I find it ironic that you criticize Fox News for instructing reporters to avoid the phrase “public option” and use “government option” instead during the healthcare debate.
In the very next editorial you state that Gov.-elect Jerry Brown “will probably call for a revenue-raising initiative.” Isn't a revenue-raising initiative the same thing as tax increase? Why don't you call it what it is?
You say that Fox News should come clean and stop pretending to be an objective news source. Perhaps The Times needs to look in the mirror.
While the Times certainly criticized Fox News for its misleading stance on global warming, did the paper also criticize the channel for the latter’s use of the term “government option” instead of “public option,” the crux of Ms. Osborne’s letter? The pertinent passage of the December 17 editorial reads:
The first time Media Matters unveiled a leaked e-mail from Bill Sammon, Fox News’ Washington managing editor, it was hardly worthy of mention. On Dec. 9 the group’s website revealed that Sammon had instructed reporters to avoid the phrase “public option” when referring to a proposed government-sponsored healthcare plan.The memo, sent out on Oct. 27, 2009, when debate over the Democratic healthcare bill was raging in Congress, came two months after Republican pollster Frank Luntz had appeared on [Sean] Hannity’s show and encouraged him to use the phrase “government option” instead, because such terminology decreased public support for the proposal. “Please use the term ‘government-run health insurance’ or, when brevity is a concern, ‘government option’ whenever possible,” Sammon told reporters.

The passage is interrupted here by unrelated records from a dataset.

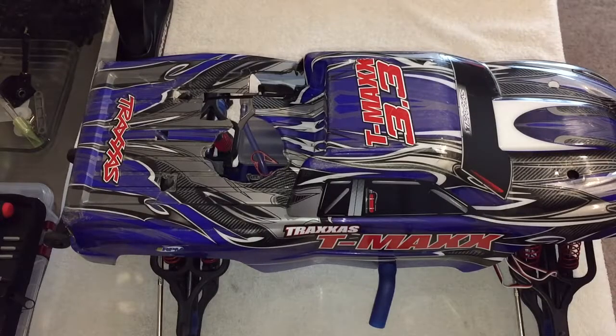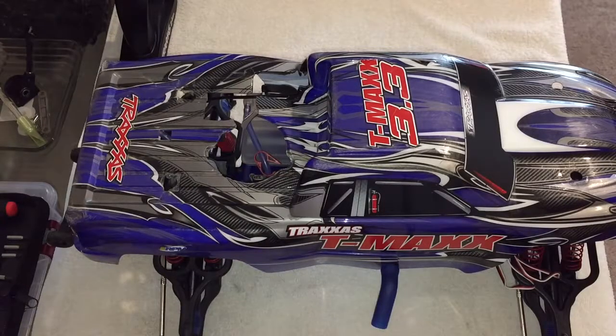My wife was like, hey, why don't you call Traxxas and see if they can just ship you a new one? I could, but it was my fault. Anyway, long story short, I called them and explained: look, I apologize, it's my fault, I didn't do my research. I asked if there was any possibility they could ship me the one I sent in. He said, as a courtesy, he'd just send me a brand new piece. So again, I thank Traxxas for that — saved me 20 bucks.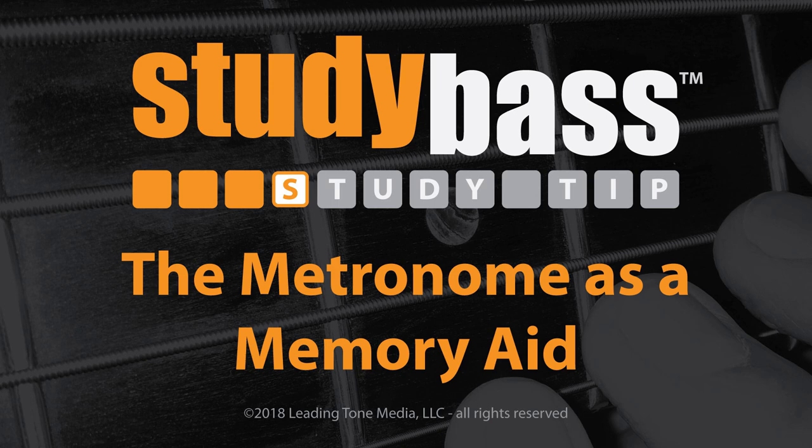Now if you don't have a metronome, get one. I suggest a few models on the website, and there's a free online metronome in the tools section of studybass.com. Music teachers often tell their students to practice with a metronome.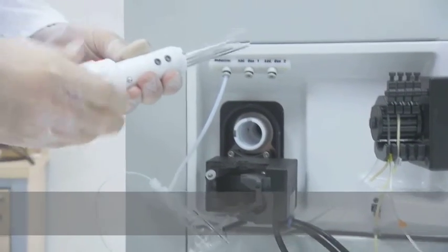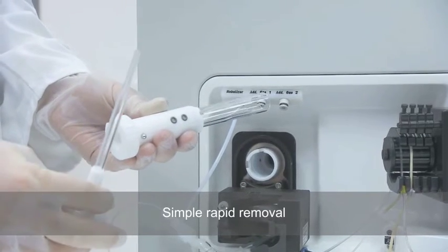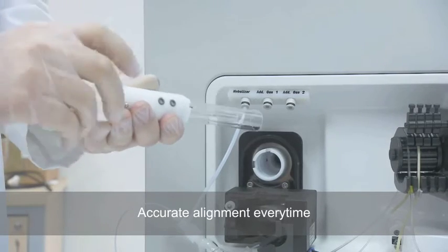A bayonet fitting torch ensures simple, rapid removal for inspection, cleaning, or replacement. The auto-aligning injector guarantees accurate alignment every time.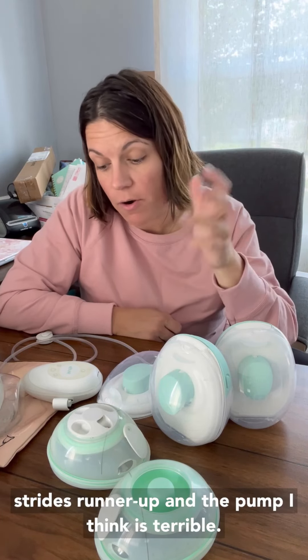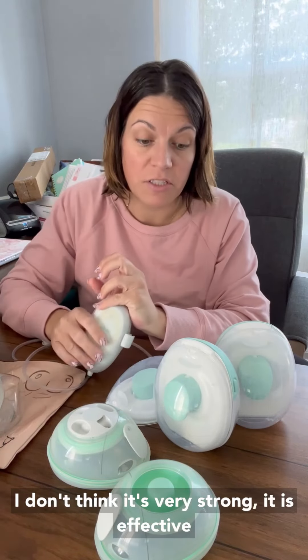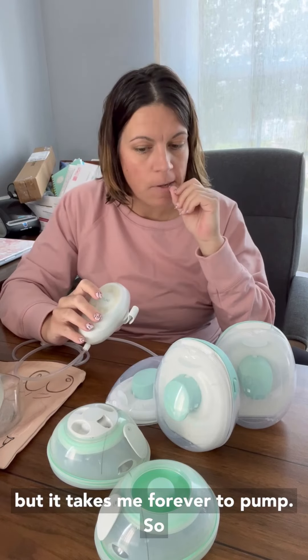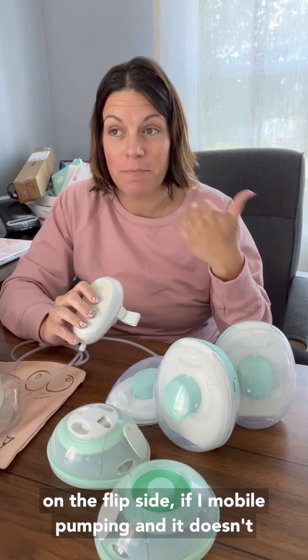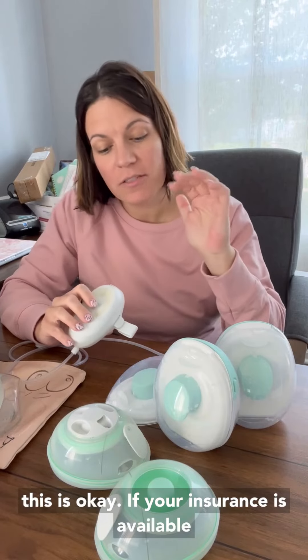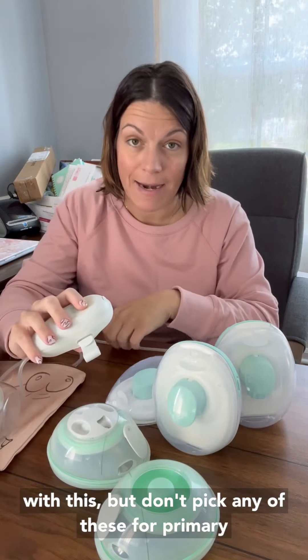The Go wins. Stride is runner-up. And the LV Stride pump — I think it's terrible. It's not very strong. It is effective, but it takes me forever to pump. On the flip side, if I'm mobile pumping and it doesn't bother me that it takes longer, then this is okay. If your insurance is available and you're looking for something mobile, go with this. But don't pick any of these for primary.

Liberal bloggers were furious, but few mainstream journalists could muster much outrage. Arguments over semantics and perceived bias are commonplace and seldom fruitful. “Government option” is no less valid a descriptor for the proposal than the more commonly used “public option,” and if Fox News was demonstrating bias by using the former, one could accuse mainstream outlets of the same for using the latter.
Clearly, the answer is no. In fact, the Times criticizes those critical of the phrase “government option,” precisely the opposite of what Ms. Osborne said the paper did. Not only that, but the Times makes the same point in its editorial that Ms. Osborne makes in her letter. She premises her highly reprimanding remarks on something that simply isn’t true.
This strikes me as more than an instance of a straw man (misrepresenting an opponent’s position and arguing against the misrepresentation instead of the actual position). I can only conclude that either Ms. Osborne didn’t read the editorial or she did read it and saw something that wasn’t there. And it’s on this something not there that she based her cocksure opinion.
But basing smug and self-righteous opinions on things untrue is an all too common tendency is politics these days. Are you angry that Obama raised taxes? Actually, he lowered them. Are you infuriated that the President tripled government spending and the national debt? He didn’t do that either. Are you apoplectic that a mosque is being built directly at the site of the 9/11 terrorist attacks? Well, that’s not an accurate picture of what’s happening. Nevertheless, these phantom outrages have served as grist for the mill of conservative fury throughout much of this past year, yet when it came to actual problems, there was no there there. Now, in this dubious tradition, Ms. Osborne is indignant at the Times for something that it didn’t do.
I guess the really weird thing is that the paper ran her letter without correcting her.